Only one stretch of the listing below is wanted. Give it again exactly, from the line with "VECV strategises to" through the line with "В Бресте стартовали соревнования Bison Race".

─── ENTRIES PROVIDED ───

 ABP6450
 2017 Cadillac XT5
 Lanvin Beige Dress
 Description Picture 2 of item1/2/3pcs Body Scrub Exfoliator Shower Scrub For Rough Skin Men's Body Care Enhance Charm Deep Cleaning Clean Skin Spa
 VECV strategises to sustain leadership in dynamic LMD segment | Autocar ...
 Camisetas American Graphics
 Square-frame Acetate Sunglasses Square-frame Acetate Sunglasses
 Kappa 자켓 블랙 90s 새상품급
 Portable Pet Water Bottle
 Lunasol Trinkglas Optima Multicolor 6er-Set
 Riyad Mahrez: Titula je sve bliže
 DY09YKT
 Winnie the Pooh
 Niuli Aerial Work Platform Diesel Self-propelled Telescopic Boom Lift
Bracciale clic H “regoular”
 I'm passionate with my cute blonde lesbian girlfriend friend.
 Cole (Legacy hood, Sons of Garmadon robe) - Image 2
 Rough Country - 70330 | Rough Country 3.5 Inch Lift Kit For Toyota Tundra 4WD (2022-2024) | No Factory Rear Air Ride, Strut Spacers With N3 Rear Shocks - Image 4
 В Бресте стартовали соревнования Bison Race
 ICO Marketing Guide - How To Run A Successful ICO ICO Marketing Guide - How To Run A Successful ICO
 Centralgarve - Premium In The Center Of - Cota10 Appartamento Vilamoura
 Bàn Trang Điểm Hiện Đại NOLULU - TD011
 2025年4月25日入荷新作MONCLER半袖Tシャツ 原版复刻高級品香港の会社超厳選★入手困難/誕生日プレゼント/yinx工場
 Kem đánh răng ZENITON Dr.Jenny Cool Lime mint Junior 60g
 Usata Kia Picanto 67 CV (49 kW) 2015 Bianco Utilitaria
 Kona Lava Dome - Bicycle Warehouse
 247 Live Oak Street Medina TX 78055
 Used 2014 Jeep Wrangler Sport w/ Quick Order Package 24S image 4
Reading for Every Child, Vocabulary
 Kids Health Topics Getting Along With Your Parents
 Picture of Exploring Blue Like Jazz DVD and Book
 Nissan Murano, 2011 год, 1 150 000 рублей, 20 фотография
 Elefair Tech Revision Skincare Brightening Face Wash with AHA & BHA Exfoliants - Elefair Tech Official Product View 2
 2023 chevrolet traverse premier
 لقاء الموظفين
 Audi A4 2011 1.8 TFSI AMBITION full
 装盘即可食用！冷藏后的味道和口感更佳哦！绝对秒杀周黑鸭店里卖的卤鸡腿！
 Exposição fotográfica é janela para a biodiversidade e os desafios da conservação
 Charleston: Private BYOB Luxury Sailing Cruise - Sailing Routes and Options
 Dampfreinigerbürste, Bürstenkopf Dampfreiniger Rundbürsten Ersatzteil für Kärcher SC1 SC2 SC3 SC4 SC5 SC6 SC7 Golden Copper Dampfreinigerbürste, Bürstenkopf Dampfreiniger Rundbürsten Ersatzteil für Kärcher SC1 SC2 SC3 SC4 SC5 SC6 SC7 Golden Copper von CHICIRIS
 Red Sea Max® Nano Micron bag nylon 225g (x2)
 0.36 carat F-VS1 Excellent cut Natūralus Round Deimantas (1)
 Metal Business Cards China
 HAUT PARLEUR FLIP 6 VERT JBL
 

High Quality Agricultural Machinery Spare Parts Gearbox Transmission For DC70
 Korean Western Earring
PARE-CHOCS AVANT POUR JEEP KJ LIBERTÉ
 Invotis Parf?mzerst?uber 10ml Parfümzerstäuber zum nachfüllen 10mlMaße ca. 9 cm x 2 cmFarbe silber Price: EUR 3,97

───

### YOUR RESPONSE
 VECV strategises to sustain leadership in dynamic LMD segment | Autocar ...
 Camisetas American Graphics
 Square-frame Acetate Sunglasses Square-frame Acetate Sunglasses
 Kappa 자켓 블랙 90s 새상품급
 Portable Pet Water Bottle
 Lunasol Trinkglas Optima Multicolor 6er-Set
 Riyad Mahrez: Titula je sve bliže
 DY09YKT
 Winnie the Pooh
 Niuli Aerial Work Platform Diesel Self-propelled Telescopic Boom Lift
Bracciale clic H “regoular”
 I'm passionate with my cute blonde lesbian girlfriend friend.
 Cole (Legacy hood, Sons of Garmadon robe) - Image 2
 Rough Country - 70330 | Rough Country 3.5 Inch Lift Kit For Toyota Tundra 4WD (2022-2024) | No Factory Rear Air Ride, Strut Spacers With N3 Rear Shocks - Image 4
 В Бресте стартовали соревнования Bison Race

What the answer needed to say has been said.